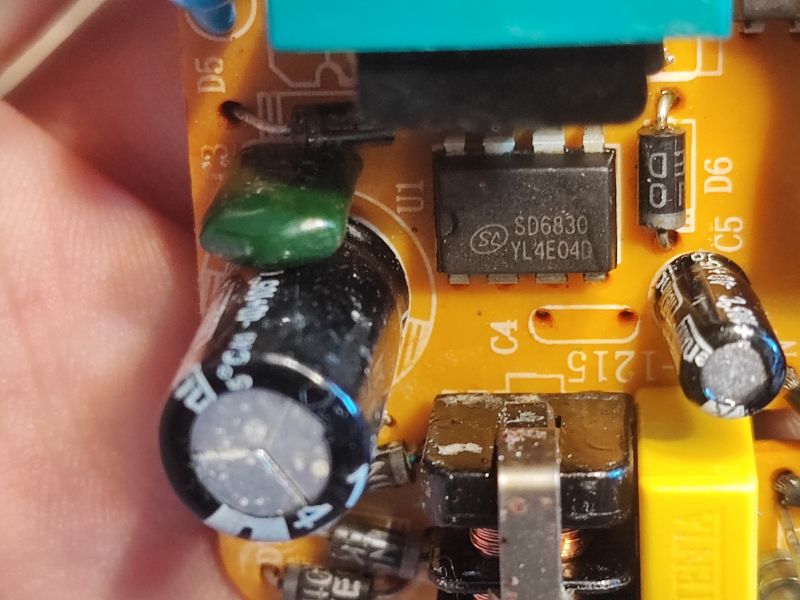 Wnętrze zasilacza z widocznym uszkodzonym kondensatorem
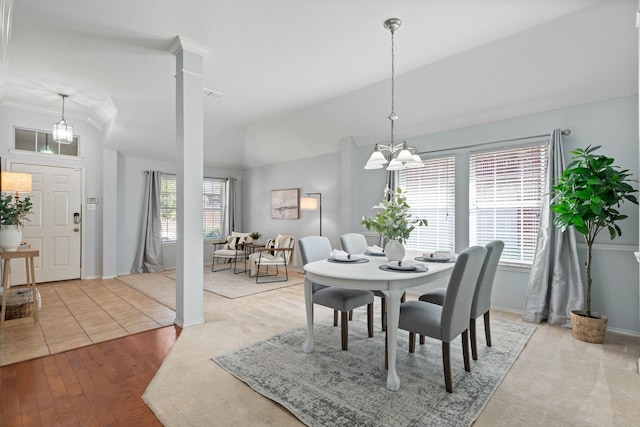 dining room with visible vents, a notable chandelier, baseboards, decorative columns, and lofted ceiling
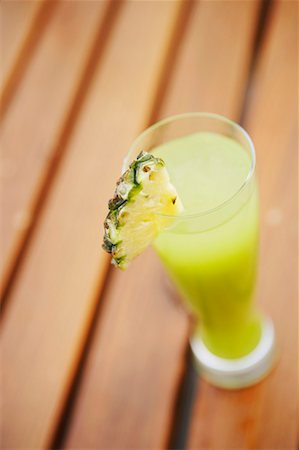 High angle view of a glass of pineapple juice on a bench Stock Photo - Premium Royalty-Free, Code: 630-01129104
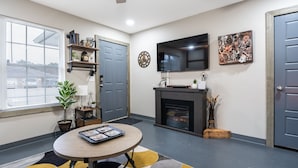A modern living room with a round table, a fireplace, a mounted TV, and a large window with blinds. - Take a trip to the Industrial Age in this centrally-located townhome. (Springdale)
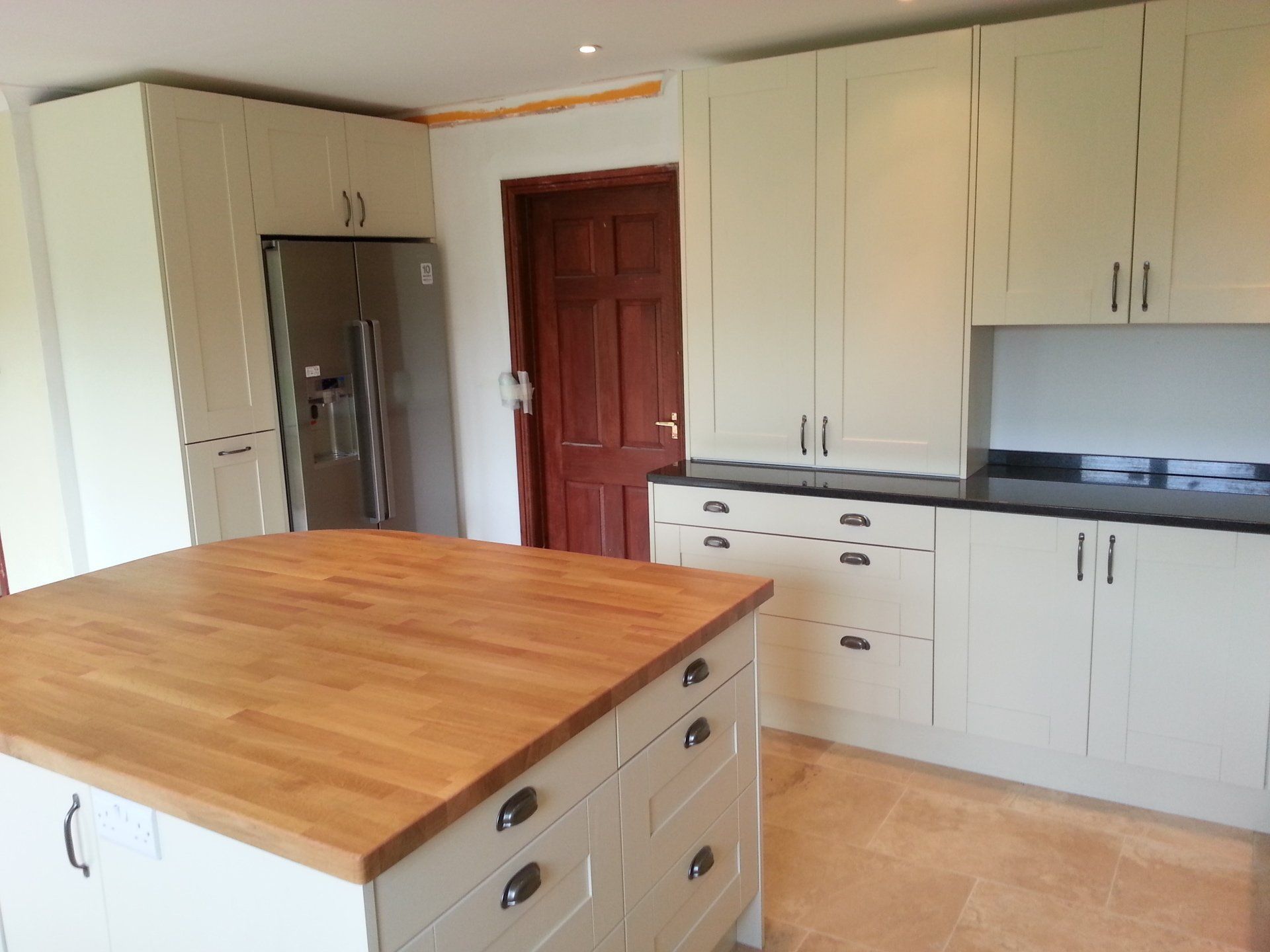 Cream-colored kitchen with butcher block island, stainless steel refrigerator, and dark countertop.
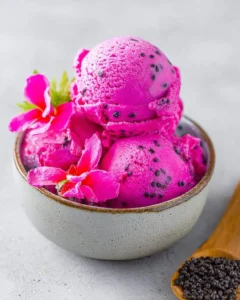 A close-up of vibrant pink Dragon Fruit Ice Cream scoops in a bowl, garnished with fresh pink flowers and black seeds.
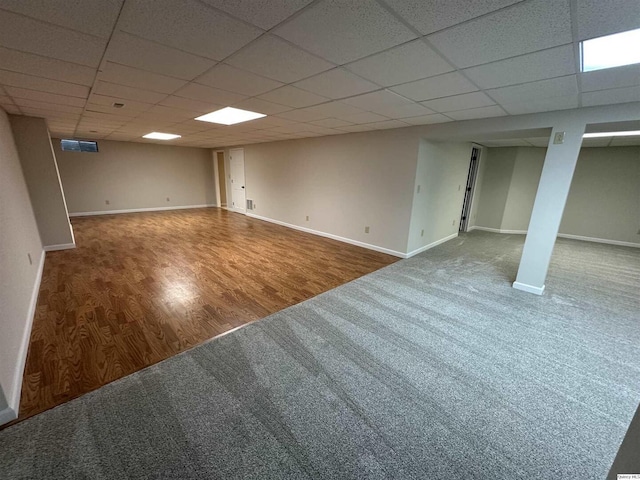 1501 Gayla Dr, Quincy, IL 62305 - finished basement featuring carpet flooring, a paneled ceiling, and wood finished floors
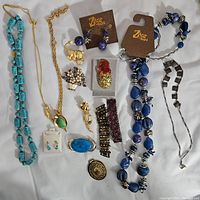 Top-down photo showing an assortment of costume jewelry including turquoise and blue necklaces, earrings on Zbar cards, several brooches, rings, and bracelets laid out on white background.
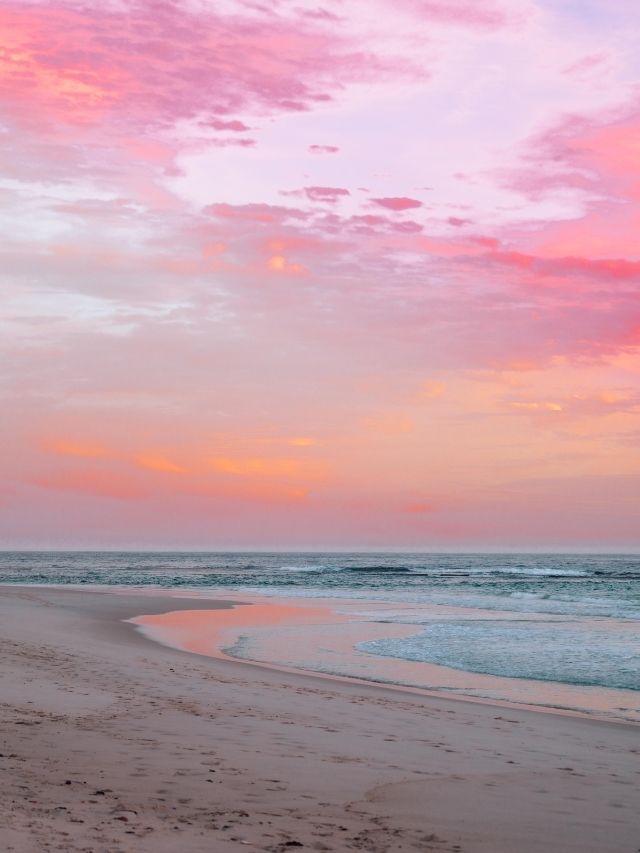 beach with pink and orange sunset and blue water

◇ ◇ ◇

Restate the records above word for word. Skip every picture.

◆ Answer section ◆
 Wnętrze zasilacza z widocznym uszkodzonym kondensatorem
 dining room with visible vents, a notable chandelier, baseboards, decorative columns, and lofted ceiling
 High angle view of a glass of pineapple juice on a bench Stock Photo - Premium Royalty-Free, Code: 630-01129104
A modern living room with a round table, a fireplace, a mounted TV, and a large window with blinds. - Take a trip to the Industrial Age in this centrally-located townhome. (Springdale)
 Cream-colored kitchen with butcher block island, stainless steel refrigerator, and dark countertop.
 A close-up of vibrant pink Dragon Fruit Ice Cream scoops in a bowl, garnished with fresh pink flowers and black seeds.
 1501 Gayla Dr, Quincy, IL 62305 - finished basement featuring carpet flooring, a paneled ceiling, and wood finished floors
 Top-down photo showing an assortment of costume jewelry including turquoise and blue necklaces, earrings on Zbar cards, several brooches, rings, and bracelets laid out on white background.
 beach with pink and orange sunset and blue water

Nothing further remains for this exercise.